First, let's import the necessary libraries.

In [56]:
import numpy as np
import matplotlib.pyplot as plt
import pandas as pd
%matplotlib inline

### Loading and cleaning the data.

Read the CSV file into a dataframe called `drinks`.

Display your `drinks` dataframe below. 

What symbol represents missing data in this data set? Since this is not a standard symbol, Pandas, does not recognize it as meaning missing data. 

Pandas does not recognize `-` as missing data here, so we to pass this information to the `read_csv` function by adding the parameter `na_values = "-"`. Try reading in the file again, using this parameter below. 

Display your revised dataframe.

How does Pandas represent missing data? 

There is one more problem with how the data was read in.
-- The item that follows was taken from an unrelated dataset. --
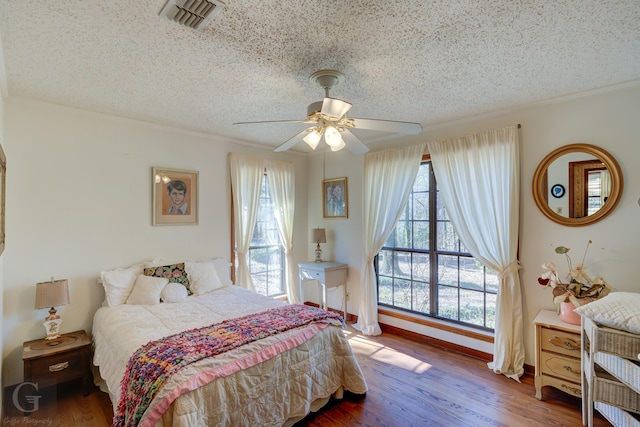 bedroom featuring ceiling fan, hardwood / wood-style flooring, and a textured ceiling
What is the first column?

The drink name is really what identifies each row, and should be the row name, not stored in a column. We can do this by adding the parameter `index_col = 0`, which tells `read_csv` that the first column, numbered 0, is the indexes, or row names. 

Read in the file one more time below adding both parameters. 
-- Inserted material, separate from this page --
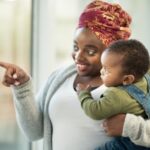 A black mother smiles and points out the window to show her baby something interesting.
Display your revised dataframe.

Do you notice any other possible issues? 

There is no data for some of the rows (all columns are `NaN`). We can remove these rows from the dataframe with the code `drinks = drinks.dropna(axis = 0)`. Try it below and display your new dataframe. 
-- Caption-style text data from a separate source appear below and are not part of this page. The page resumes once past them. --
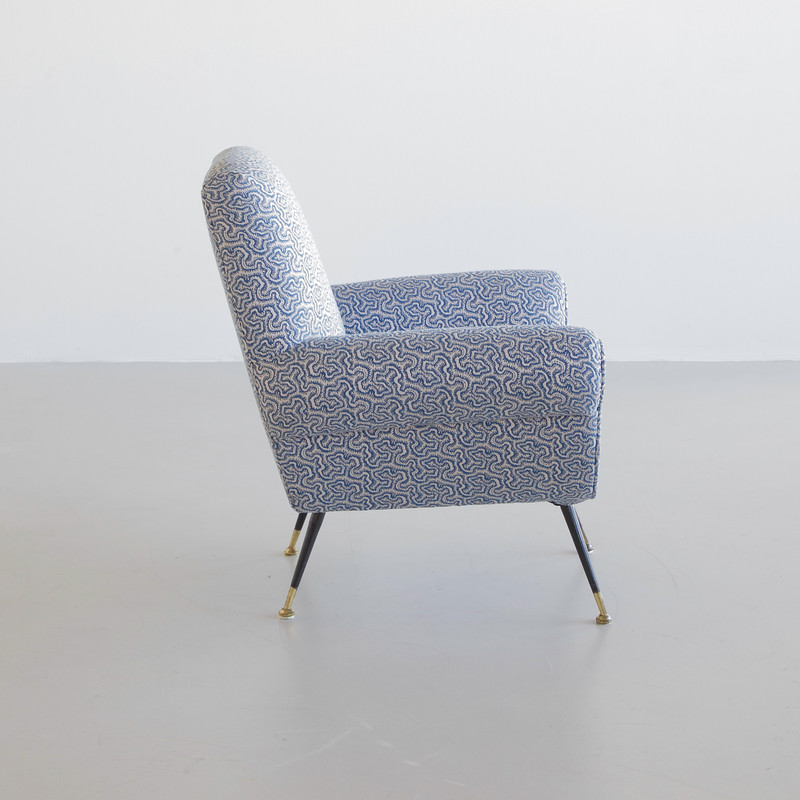 Armchair designed by Gigi RADICE for MINOTTI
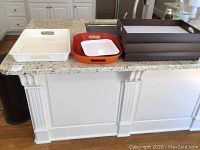 View of all trays on countertop showing white and orange plastic trays, dark brown wooden trays stacked, and metal tray.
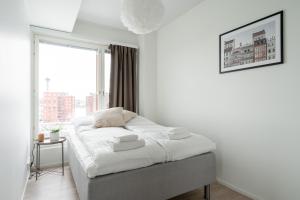 een bed in een kamer met een groot raam bij 2ndhomes Tampere "Kaplan #1" Grand Luxury Apartment - Sauna & Balconies in Tampere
### Testing the Central Limit Theorem: Calories column

Plot a histogram of the calorie column data, to visualize its distribution.

What do you notice about this distribution?

Now we will take 10,000 random samples of size 30 from the calorie data, compute the mean of each sample, and plot the means as a histogram. We are visualizing the *sampling distribution of the mean* (Lab 11).

The pseudo-code to compute the means and store them in a list is:

create an empty list
repeat 10,000 times:
 take a sample of size 30 from the drinks dataframe
 compute the mean number of calories for this sample
 add this mean to your list


Write the Python code below.

Plot the means as a histogram. Remember to convert your list into a Pandas series and adjust the number of bins to get a good visualization.

What distribution does this look like?

Now we'll simulate the sampling distribution of the mean again, but using a sample size of 50.

For reference, the pseudo-code to compute the means and store them in a list is:

create an empty list
repeat 10,000 times:
 take a sample of size 50 from the drinks dataframe
 compute the mean number of calories for this sample
 add this mean to your list


Next plot the histogram of these means:

To better compare the two histograms, let's plot them on the same graph, using the `density = True` parameter for each histogram.

What happens to the distribution as the sample size increases? How does the mean change? How does the standard deviation change? Does this make sense?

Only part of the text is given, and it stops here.